**PROMPT:** From the first line to the last, write out the records exactly.

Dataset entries
--*--

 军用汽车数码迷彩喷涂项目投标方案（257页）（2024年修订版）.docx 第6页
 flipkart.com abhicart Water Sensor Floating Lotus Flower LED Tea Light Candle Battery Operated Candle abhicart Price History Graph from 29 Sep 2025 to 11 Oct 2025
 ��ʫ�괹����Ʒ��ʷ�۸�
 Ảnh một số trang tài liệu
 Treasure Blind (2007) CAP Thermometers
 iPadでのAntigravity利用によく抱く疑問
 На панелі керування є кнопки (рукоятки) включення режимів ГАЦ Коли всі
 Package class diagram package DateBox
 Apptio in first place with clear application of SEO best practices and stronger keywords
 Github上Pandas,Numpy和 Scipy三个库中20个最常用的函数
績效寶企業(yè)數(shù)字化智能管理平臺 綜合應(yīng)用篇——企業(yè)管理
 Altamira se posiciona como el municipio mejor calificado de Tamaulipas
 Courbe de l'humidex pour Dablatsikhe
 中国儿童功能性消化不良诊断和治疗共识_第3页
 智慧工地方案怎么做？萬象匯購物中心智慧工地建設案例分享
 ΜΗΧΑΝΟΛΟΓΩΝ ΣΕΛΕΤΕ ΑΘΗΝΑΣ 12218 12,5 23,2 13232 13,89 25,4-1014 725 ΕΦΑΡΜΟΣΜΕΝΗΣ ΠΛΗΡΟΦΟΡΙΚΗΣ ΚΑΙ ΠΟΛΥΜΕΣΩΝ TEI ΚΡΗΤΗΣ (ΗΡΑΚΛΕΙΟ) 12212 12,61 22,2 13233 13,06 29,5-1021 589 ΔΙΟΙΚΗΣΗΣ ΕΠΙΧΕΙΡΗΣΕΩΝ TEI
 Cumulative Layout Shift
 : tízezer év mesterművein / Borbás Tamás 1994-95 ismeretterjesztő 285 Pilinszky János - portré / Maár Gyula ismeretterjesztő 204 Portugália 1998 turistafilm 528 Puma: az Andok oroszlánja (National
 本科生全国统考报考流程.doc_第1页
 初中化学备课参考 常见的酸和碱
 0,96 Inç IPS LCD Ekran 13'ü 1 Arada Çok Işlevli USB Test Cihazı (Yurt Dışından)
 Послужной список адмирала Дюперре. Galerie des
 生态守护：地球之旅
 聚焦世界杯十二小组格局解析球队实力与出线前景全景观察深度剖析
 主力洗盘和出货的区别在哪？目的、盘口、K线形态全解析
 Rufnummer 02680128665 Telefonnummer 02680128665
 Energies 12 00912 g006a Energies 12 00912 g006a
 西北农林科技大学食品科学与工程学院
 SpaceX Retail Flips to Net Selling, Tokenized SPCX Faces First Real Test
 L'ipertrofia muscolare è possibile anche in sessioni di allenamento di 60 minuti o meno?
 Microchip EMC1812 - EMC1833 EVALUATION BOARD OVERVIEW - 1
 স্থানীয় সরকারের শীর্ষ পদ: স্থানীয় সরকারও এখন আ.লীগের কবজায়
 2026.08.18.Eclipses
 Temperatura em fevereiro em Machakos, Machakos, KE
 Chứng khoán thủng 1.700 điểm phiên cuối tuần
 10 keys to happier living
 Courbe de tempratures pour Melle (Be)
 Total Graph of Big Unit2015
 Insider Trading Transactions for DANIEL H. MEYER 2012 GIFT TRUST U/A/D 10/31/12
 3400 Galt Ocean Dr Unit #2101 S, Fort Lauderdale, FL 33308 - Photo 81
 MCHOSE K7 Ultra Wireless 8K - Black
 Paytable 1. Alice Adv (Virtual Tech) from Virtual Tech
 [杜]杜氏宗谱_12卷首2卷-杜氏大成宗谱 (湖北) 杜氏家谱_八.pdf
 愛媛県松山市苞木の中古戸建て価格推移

--*--

**COMPLETED EXERCISE:**
 军用汽车数码迷彩喷涂项目投标方案（257页）（2024年修订版）.docx 第6页
 flipkart.com abhicart Water Sensor Floating Lotus Flower LED Tea Light Candle Battery Operated Candle abhicart Price History Graph from 29 Sep 2025 to 11 Oct 2025
 ��ʫ�괹����Ʒ��ʷ�۸�
 Ảnh một số trang tài liệu
 Treasure Blind (2007) CAP Thermometers
 iPadでのAntigravity利用によく抱く疑問
 На панелі керування є кнопки (рукоятки) включення режимів ГАЦ Коли всі
 Package class diagram package DateBox
 Apptio in first place with clear application of SEO best practices and stronger keywords
 Github上Pandas,Numpy和 Scipy三个库中20个最常用的函数
績效寶企業(yè)數(shù)字化智能管理平臺 綜合應(yīng)用篇——企業(yè)管理
 Altamira se posiciona como el municipio mejor calificado de Tamaulipas
 Courbe de l'humidex pour Dablatsikhe
 中国儿童功能性消化不良诊断和治疗共识_第3页
 智慧工地方案怎么做？萬象匯購物中心智慧工地建設案例分享
 ΜΗΧΑΝΟΛΟΓΩΝ ΣΕΛΕΤΕ ΑΘΗΝΑΣ 12218 12,5 23,2 13232 13,89 25,4-1014 725 ΕΦΑΡΜΟΣΜΕΝΗΣ ΠΛΗΡΟΦΟΡΙΚΗΣ ΚΑΙ ΠΟΛΥΜΕΣΩΝ TEI ΚΡΗΤΗΣ (ΗΡΑΚΛΕΙΟ) 12212 12,61 22,2 13233 13,06 29,5-1021 589 ΔΙΟΙΚΗΣΗΣ ΕΠΙΧΕΙΡΗΣΕΩΝ TEI
 Cumulative Layout Shift
 : tízezer év mesterművein / Borbás Tamás 1994-95 ismeretterjesztő 285 Pilinszky János - portré / Maár Gyula ismeretterjesztő 204 Portugália 1998 turistafilm 528 Puma: az Andok oroszlánja (National
 本科生全国统考报考流程.doc_第1页
 初中化学备课参考 常见的酸和碱
 0,96 Inç IPS LCD Ekran 13'ü 1 Arada Çok Işlevli USB Test Cihazı (Yurt Dışından)
 Послужной список адмирала Дюперре. Galerie des
 生态守护：地球之旅
 聚焦世界杯十二小组格局解析球队实力与出线前景全景观察深度剖析
 主力洗盘和出货的区别在哪？目的、盘口、K线形态全解析
 Rufnummer 02680128665 Telefonnummer 02680128665
 Energies 12 00912 g006a Energies 12 00912 g006a
 西北农林科技大学食品科学与工程学院
 SpaceX Retail Flips to Net Selling, Tokenized SPCX Faces First Real Test
 L'ipertrofia muscolare è possibile anche in sessioni di allenamento di 60 minuti o meno?
 Microchip EMC1812 - EMC1833 EVALUATION BOARD OVERVIEW - 1
 স্থানীয় সরকারের শীর্ষ পদ: স্থানীয় সরকারও এখন আ.লীগের কবজায়
 2026.08.18.Eclipses
 Temperatura em fevereiro em Machakos, Machakos, KE
 Chứng khoán thủng 1.700 điểm phiên cuối tuần
 10 keys to happier living
 Courbe de tempratures pour Melle (Be)
 Total Graph of Big Unit2015
 Insider Trading Transactions for DANIEL H. MEYER 2012 GIFT TRUST U/A/D 10/31/12
 3400 Galt Ocean Dr Unit #2101 S, Fort Lauderdale, FL 33308 - Photo 81
 MCHOSE K7 Ultra Wireless 8K - Black
 Paytable 1. Alice Adv (Virtual Tech) from Virtual Tech
 [杜]杜氏宗谱_12卷首2卷-杜氏大成宗谱 (湖北) 杜氏家谱_八.pdf
 愛媛県松山市苞木の中古戸建て価格推移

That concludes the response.